For every line below, restate it exactly and drop the images.

■ Given data
________________________________________
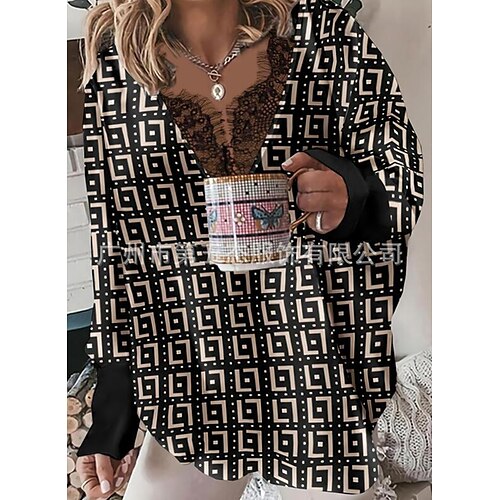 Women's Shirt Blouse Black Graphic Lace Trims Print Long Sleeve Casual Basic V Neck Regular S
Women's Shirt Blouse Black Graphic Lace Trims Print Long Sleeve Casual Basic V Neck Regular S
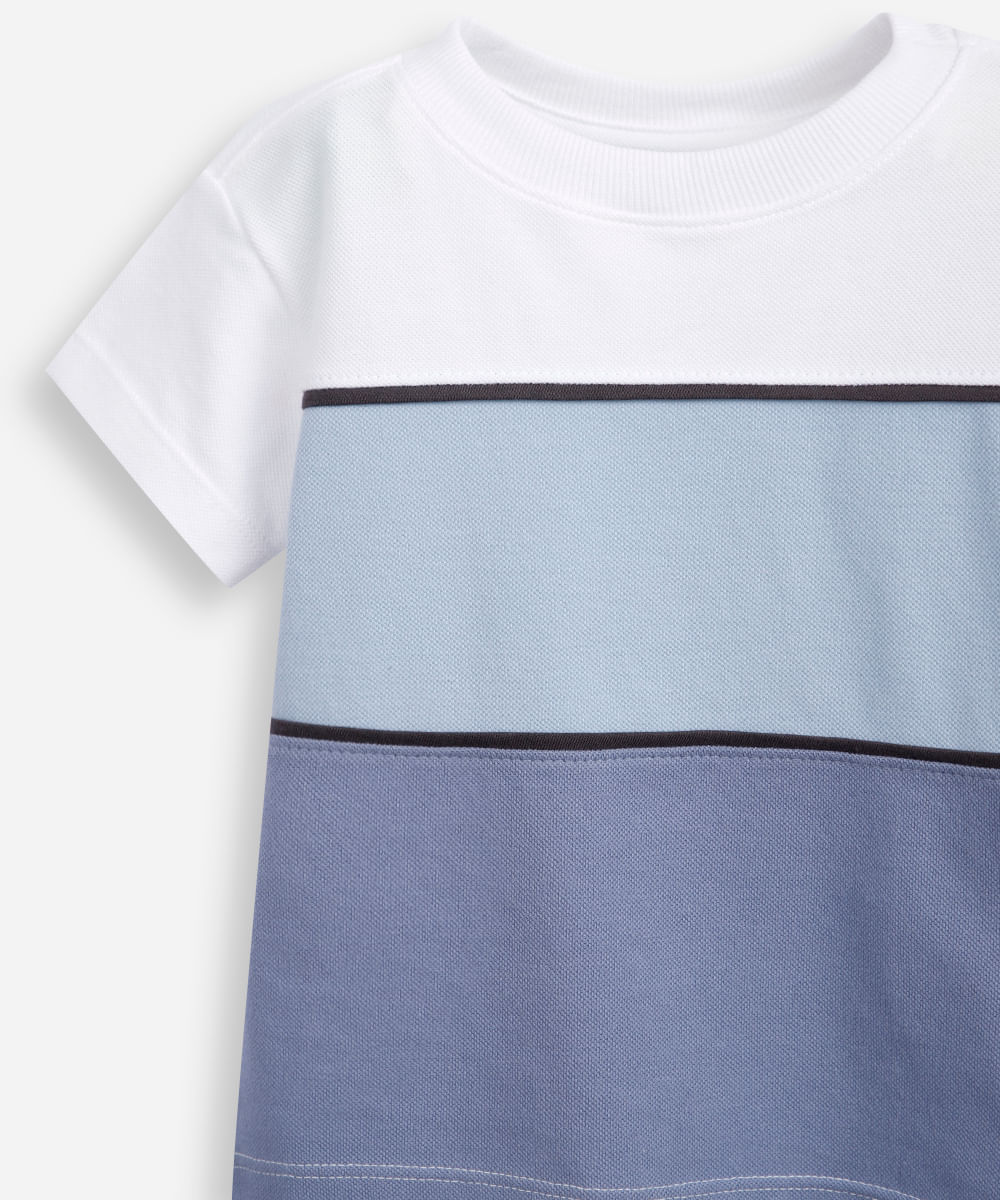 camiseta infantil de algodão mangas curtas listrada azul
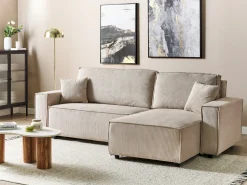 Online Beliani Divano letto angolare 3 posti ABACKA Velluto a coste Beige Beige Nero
________________________________________
■ Answer to the exercise
 Women's Shirt Blouse Black Graphic Lace Trims Print Long Sleeve Casual Basic V Neck Regular S
Women's Shirt Blouse Black Graphic Lace Trims Print Long Sleeve Casual Basic V Neck Regular S
 camiseta infantil de algodão mangas curtas listrada azul
 Online Beliani Divano letto angolare 3 posti ABACKA Velluto a coste Beige Beige Nero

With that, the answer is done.